If the second is Q8.23, then it can similarly be converted with:

int32_t Temp;
memcpy(&Temp, &PlaceWhereDataIs, sizeof Temp);
float Float = Temp * 0x1p-23f;

However, its fields of 1, 8, and 23 match the field sizes of the common IEEE-754 basic 32-bit binary floating-point format, which makes me suspect it is a floating-point format, not a fixed-point format. In that case, you can get it into a float with:

float Float;
memcpy(&Float, &PlaceWhereDataIs, sizeof Float);

If the first DSP format is actually a floating-point format with 1 sign bit, 7 exponent bits, and 8 significand bits, then some work is needed to convert it. Additionally, you will have to supply details from documentation—custom floating-point formats tend to treat subnormals, infinities, and NaNs differently, as well as have non-standard exponent biases.
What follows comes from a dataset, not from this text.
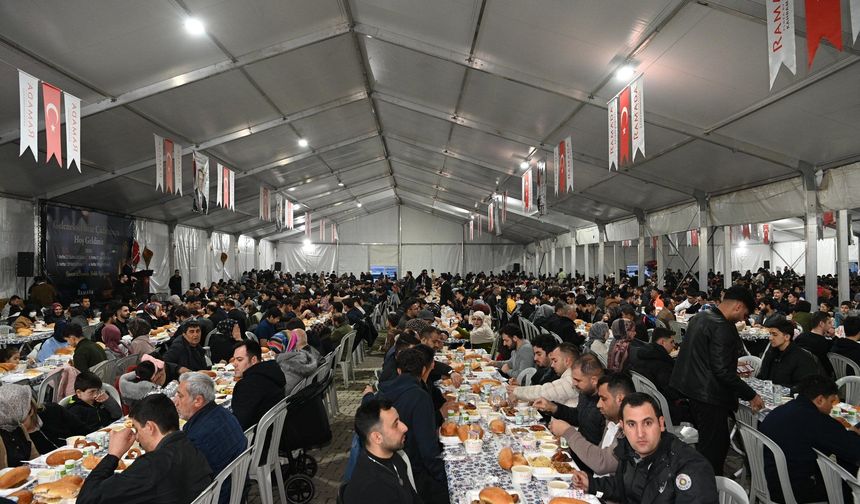 Kahramanmaraş’ta gençlere özel büyük iftar programı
If both are fixed-point formats, and you can convert the first to the second with:

int16_t Temp;
memcpy(&Temp, &PlaceWhereDataIs, sizeof Temp);
int32_t Result = (int32_t) Temp * (1 << 23-8);

Bit shifting a half-float into a float

Here is code demonsrating the 16-bit floating-point to 32-bit floating-point conversion plus a test program. The test program requires Clang’s __fp16 type, but the conversion code does not. Handling of NaN payloads and signaling/non-signaling semantics is not tested.

#include <stdint.h>


//  Produce value of bit n.  n must be less than 32.
#define Bit(n)  ((uint32_t) 1 << (n))

//  Create a mask of n bits in the low bits.  n must be less than 32.
#define Mask(n) (Bit(n) - 1)


/*  Convert an IEEE-754 16-bit binary floating-point encoding to an IEEE-754
    32-bit binary floating-point encoding.
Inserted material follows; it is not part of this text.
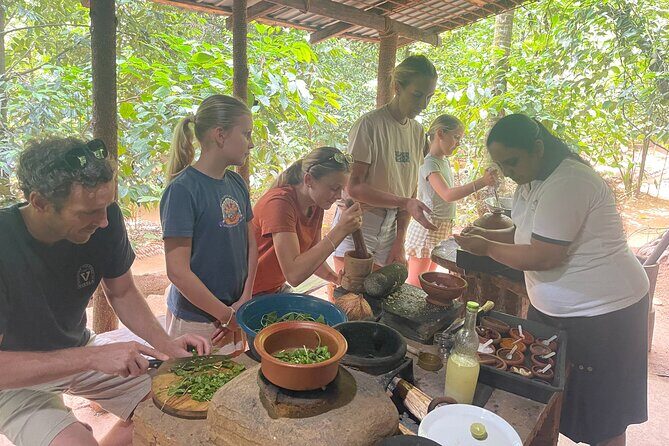Private Kandy Authentic Cooking Class - From your hotel to the village kitchen: what the start feels like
    This code has not been tested.
*/
uint32_t Float16ToFloat32(uint16_t x)
{
    /*  Separate the sign encoding (1 bit starting at bit 15), the exponent
        encoding (5 bits starting at bit 10), and the primary significand
        (fraction) encoding (10 bits starting at bit 0).
    */
    uint32_t s = x >> 15;
    uint32_t e = x >> 10 & Mask( 5);
    uint32_t f = x       & Mask(10);

    //  Left-adjust the significand field.
    f <<= 23 - 10;

    //  Switch to handle subnormal numbers, normal numbers, and infinities/NaNs.
    switch (e)
    {
        //  Exponent code is subnormal.
        case 0:
            //  Zero does need any changes, but subnormals need normalization.
            if (f != 0)
            {
                /*  Set the 32-bit exponent code corresponding to the 16-bit
                    subnormal exponent.
                */
                e = 1 + (127 - 15);

                /*  Normalize the significand by shifting until its leading
                    bit moves out of the field.  (This code could benefit from
                    a find-first-set instruction or possibly using a conversion
                    from integer to floating-point to do the normalization.)
                */
                while (f < Bit(23))
                {
                    f <<= 1;
                    e -= 1;
                }

                //  Remove the leading bit.
                f &= Mask(23);
            }
            break;

        // Exponent code is normal.
        default:
            e += 127 - 15;  //  Adjust from 16-bit bias to 32-bit bias.
            break;

        //  Exponent code indicates infinity or NaN.
        case 31:
            e = 255;        //  Set 32-bit exponent code for infinity or NaN.
            break;
    }

    //  Assemble and return the 32-bit encoding.
    return s << 31 | e << 23 | f;
}


#include <inttypes.h>
#include <math.h>
#include <stdio.h>
#include <stdlib.h>


int main(void)
{
    //  Use unions so we can iterate and manipulate the encodings.
    union { uint16_t enc; __fp16 value; } x;
    union { uint32_t enc; float  value; } y;

    //  Iterate through all 16-bit encodings.
    for (uint32_t i = 0; i < Bit(16); ++i)
    {
        x.enc = i;
        y.enc = Float16ToFloat32(x.enc);
        if (isnan(x.value) != isnan(y.value) ||
            !isnan(x.value) && x.value != y.value)
        {
            printf("Failure:\n");
            printf("\tx encoding = 0x%04" PRIx16 ",     value = %.99g.\n",
                x.enc, x.value);
            printf("\ty encoding = 0x%08" PRIx32 ", value = %.99g.\n",
                y.enc, y.value);
            exit(EXIT_FAILURE);
        }
    }
}

As chtz points out, we can using 32-bit floating-point arithmetic to handle the scaling adjustment for both normal and subnormal values. To do this, replace the code in Float16ToFloat32 after f <<= 23 - 10; with:

    //  For infinities and NaNs, set 32-bit exponent code.
    if (e == 31)
        return s << 31 | 255 << 23 | f;

    /*  For finite values, reassemble with shifted fields and using a
        floating-point multiply to adjust for the changed exponent bias.
    */
    union { uint32_t enc; float  value; } y = { .enc = s << 31 | e << 23 | f };
    y.value *= 0x1p112f;
    return y.enc;

Converting a 32 bit wave form to a 16 bit wave form

Format 0x0003 is in fact ieeeFloat, you shouldn't get this exception. Better check the value it read. You cannot convert the values with bit shifting, you have to convert from float to short. A simple cast gets the job done.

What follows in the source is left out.